Case Study: First Data Corporation Gets the Message

Industry: Payment processing

Objective: Reduce the 57 percent turnover rate of sales staff, while also boosting lagging performances

Solution: Bring in outside trainers One to One Leadership to work with staff, while also making internal adjustments in communicating goals and feedback between account executives and leadership

Results: More than 50 percent drop in attrition and a significant improvement in sales, not to mention a more open and engaging work environment

About a year and a half ago, the leadership of First Data Corp., a payment processing company based in Greenwood Village, Colo., knew that improvements needed to be made at the company. For one, the turnover rate among their 800 account executives was at 57 percent, and they wanted it down to 33 percent (slightly below the industry standard). Second, too many of their account executives weren’t hitting their numbers. While a few top sellers kept the overall sales from falling too far, 20 percent of the sales force weren’t even hitting 70 percent of their expected quotas.

“One of the things that we realized as we did a lot of our own research and our own data gathering regarding our organization was that everything else-productivity issues, morale issues, turnover issues-they all circle back to communication and leadership capabilities in the organization,” says James Wilhelm, vice president of human resources at First Data.
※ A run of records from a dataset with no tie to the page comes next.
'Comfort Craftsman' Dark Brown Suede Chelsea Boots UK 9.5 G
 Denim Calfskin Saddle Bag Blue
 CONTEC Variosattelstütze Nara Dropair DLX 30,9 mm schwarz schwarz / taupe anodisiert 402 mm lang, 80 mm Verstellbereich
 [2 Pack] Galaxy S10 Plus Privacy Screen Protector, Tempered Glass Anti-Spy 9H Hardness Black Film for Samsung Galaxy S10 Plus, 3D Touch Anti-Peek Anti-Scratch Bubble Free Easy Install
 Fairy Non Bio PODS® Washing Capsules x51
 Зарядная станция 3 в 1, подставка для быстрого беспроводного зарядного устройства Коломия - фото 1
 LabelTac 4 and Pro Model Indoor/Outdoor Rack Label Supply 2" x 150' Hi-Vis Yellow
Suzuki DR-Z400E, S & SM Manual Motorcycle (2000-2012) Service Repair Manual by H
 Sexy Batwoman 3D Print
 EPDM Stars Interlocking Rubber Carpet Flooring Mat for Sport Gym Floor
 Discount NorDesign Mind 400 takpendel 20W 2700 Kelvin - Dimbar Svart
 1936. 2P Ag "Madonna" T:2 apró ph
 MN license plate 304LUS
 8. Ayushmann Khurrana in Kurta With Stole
The company seemed to have everything in place, from a large team of experienced sales personnel to a clear organizational structure. But it was having trouble tapping into that potential and maximizing the plentiful resources it had. Like Ali Baba standing outside the cave, for First Data, accessing the available treasures was a matter of saying the right word.

Communication issues are a funny problem for a company like First Data. As a payment processing organization, much of its aim is to transfer information clearly between organizations. When a customer buys something at a retailer with his or her credit card, First Data processes the information between the store and the financial institution. But with most of its account executives and managers working from home, a focused, company-wide message was difficult to establish.

So First Data reached out to Longboat Key, Fla.-based training company One to One Leadership. The company is a small one: It was run just by Mary Ann O’Neil until a few years ago, when her son Sean, who had been working as a corporate lawyer, decided to give corporate training a try. The two have worked as a duo since.

Before beginning the formal training, Sean and Mary Ann spent almost two months in “fact-finding” mode with the company, joining reps on their sales calls, interviewing managers, conducting focus groups and researching the company. They took the information they learned and modified their standard curriculum to fit specifically with the industry and company and culture.

“It was definitely a program designed for long-term impact, not quick hit,” says Wilhelm.

To begin the formal training, One to One asked managers to take an assessment similar to the Myers-Briggs personality test, with answers to various questions revealing their present style of managing and the implications for their ability to manage.

“You could see lightbulbs going off and people saying, ‘Oh my God, I did that just this morning before I got in here,'” says Mary Ann. After determining their “style,” managers estimated the style of those they managed, discussing the key drivers and motivators that got them to really achieve.

The goal of these assessments was not sensitivity training, but to dislodge the communication barriers between sales staff and managers. “You have to be able to modify your approach and so forth, based on the people around you; that is a key tool in helping them become better leaders,” says Wilhelm.